JACKSON, Miss. - Mobile sports betting in Mississippi hit another wall in 2026, marking the third year running that the state has failed to move an online wagering bill across the finish line. To place a legal bet in Mississippi, you still have to walk into a casino, leaving the state among a shrinking group of holdouts nationwide.

This session, the House passed two different legislation, both of which were sponsored by Representative Casey Eure. HB 1581 passed 100-11. Neither received a Senate vote. Sen. David Blount held both in the Gaming Committee, claiming that the legislation's casino tax decrease would deplete the state more than any revenue from mobile betting could possibly replenish.

Why The Senate Said No

Blount said that HB 4074's lowering of the casino tax from 8% to 6% would result in an annual deficit of about $50 million for the state. According to realistic online wagering collections estimated by the Tax Foundation to be between $13 and $30 million annually, mobile betting revenue would fall far short of that loss.
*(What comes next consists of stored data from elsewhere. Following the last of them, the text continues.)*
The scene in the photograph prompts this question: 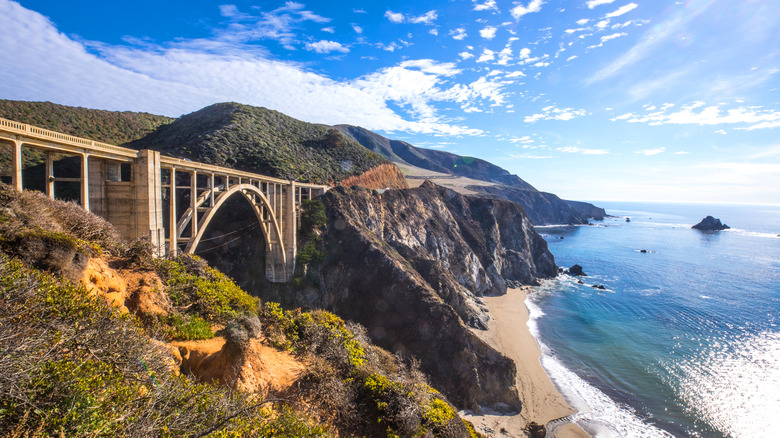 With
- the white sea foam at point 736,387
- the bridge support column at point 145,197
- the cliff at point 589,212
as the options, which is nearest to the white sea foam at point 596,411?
the white sea foam at point 736,387

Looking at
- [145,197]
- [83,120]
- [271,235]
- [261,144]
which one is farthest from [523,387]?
[83,120]

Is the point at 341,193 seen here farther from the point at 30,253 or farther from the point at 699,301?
the point at 699,301

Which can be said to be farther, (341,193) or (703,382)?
(341,193)

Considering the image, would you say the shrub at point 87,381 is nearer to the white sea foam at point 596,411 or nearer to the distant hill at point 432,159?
the white sea foam at point 596,411

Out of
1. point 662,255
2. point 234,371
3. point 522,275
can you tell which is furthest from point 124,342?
point 662,255

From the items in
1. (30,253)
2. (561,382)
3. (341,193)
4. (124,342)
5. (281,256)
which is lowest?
(561,382)

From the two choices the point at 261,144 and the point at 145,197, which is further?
the point at 261,144

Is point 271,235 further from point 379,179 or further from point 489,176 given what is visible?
point 489,176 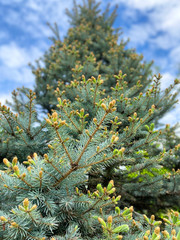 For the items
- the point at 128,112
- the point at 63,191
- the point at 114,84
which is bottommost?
the point at 63,191

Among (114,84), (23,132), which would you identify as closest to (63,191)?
(23,132)

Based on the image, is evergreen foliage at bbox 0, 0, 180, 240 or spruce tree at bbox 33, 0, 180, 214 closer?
evergreen foliage at bbox 0, 0, 180, 240

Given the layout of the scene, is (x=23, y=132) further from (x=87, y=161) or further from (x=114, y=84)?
(x=114, y=84)

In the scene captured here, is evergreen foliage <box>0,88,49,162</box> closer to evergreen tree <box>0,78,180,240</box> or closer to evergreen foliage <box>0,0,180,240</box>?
evergreen foliage <box>0,0,180,240</box>

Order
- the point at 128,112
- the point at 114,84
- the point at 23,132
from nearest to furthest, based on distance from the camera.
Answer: the point at 23,132 < the point at 128,112 < the point at 114,84

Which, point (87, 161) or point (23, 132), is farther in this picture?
point (23, 132)

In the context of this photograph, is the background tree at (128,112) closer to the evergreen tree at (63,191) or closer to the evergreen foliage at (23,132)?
the evergreen foliage at (23,132)

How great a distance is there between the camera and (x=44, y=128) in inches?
96.8

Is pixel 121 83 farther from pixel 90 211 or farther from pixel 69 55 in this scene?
pixel 69 55

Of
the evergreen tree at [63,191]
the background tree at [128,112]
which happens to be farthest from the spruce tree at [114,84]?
the evergreen tree at [63,191]

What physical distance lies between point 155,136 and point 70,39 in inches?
216

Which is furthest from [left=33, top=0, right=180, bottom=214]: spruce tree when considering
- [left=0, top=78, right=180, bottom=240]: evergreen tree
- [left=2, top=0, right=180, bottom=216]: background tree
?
[left=0, top=78, right=180, bottom=240]: evergreen tree

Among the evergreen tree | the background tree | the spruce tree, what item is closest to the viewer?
the evergreen tree

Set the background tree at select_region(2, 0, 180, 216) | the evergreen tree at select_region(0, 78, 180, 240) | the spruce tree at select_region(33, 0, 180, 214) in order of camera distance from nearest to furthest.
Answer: the evergreen tree at select_region(0, 78, 180, 240), the background tree at select_region(2, 0, 180, 216), the spruce tree at select_region(33, 0, 180, 214) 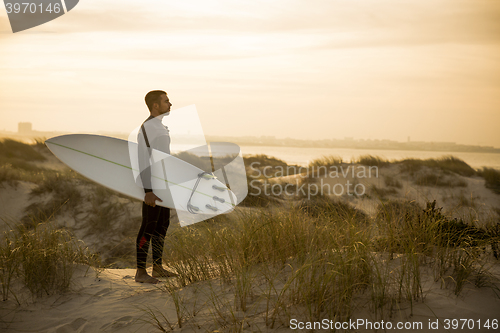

There is a market in Mississippi for online gambling. Since the NFL season began, the state has recorded almost 9 million attempts to visit licensed mobile sportsbooks. Instead, a large portion of that traffic ends up on unregulated gambling sites in Mississippi, which adds to the state's estimated $2.38 billion in illegal bets each year.

Mississippi's resistance to mobile betting stands out against a shifting national landscape for USA online gambling. 30 states, Puerto Rico, and Washington, D.C. have already made their markets fully mobile accessible, while neighboring states like Tennessee and Louisiana have been collecting taxes via regulated platforms for years.

Mississippi bettors will have to wait until at least 2027 for another chance at legalization due to the session's closure. Whether any legislation passes both chambers when lawmakers return will probably depend on how much a casino tax cut costs the state and how much mobile betting can actually bring in.